Stored dataset items:
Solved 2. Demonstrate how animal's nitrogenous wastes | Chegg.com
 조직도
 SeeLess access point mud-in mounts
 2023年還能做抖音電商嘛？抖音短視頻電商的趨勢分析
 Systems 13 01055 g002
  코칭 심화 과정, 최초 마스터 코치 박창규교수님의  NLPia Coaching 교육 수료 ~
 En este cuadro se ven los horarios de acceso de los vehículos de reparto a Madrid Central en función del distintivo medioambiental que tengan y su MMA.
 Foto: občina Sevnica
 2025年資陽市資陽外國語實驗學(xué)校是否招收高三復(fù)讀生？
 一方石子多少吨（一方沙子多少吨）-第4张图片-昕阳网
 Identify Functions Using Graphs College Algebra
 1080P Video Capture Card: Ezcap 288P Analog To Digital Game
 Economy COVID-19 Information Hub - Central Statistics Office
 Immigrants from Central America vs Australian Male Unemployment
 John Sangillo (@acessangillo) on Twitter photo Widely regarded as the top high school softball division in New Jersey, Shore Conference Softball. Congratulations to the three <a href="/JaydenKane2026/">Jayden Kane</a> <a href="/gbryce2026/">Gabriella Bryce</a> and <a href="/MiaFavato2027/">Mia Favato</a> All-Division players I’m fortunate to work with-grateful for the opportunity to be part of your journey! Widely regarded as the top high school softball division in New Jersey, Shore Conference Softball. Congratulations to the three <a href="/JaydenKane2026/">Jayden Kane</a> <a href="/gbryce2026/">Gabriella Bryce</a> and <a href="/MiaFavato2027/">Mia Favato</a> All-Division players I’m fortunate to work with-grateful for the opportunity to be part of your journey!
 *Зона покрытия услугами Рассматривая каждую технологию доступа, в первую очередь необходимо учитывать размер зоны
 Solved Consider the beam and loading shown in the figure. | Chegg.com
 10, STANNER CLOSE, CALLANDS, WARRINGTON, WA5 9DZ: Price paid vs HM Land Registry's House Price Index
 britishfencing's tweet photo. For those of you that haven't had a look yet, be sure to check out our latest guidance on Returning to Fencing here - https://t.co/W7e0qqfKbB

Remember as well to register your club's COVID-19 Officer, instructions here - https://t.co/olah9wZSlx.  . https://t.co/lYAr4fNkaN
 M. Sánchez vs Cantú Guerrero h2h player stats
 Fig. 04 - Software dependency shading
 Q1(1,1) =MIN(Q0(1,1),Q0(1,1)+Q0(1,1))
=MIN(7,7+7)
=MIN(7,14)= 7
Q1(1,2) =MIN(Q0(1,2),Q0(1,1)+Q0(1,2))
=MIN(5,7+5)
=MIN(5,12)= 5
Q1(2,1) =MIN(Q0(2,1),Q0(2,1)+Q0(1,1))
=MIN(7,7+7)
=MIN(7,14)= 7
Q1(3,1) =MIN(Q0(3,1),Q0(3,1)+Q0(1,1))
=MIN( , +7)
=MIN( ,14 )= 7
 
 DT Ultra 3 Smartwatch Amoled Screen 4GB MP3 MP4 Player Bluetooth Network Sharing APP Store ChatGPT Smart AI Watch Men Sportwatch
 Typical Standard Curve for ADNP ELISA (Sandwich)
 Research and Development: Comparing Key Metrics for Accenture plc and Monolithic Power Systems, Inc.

*Task objective*: In the entries above, some lines may contain the string "here"; report how many, without additional comment.

*Answer space*: 2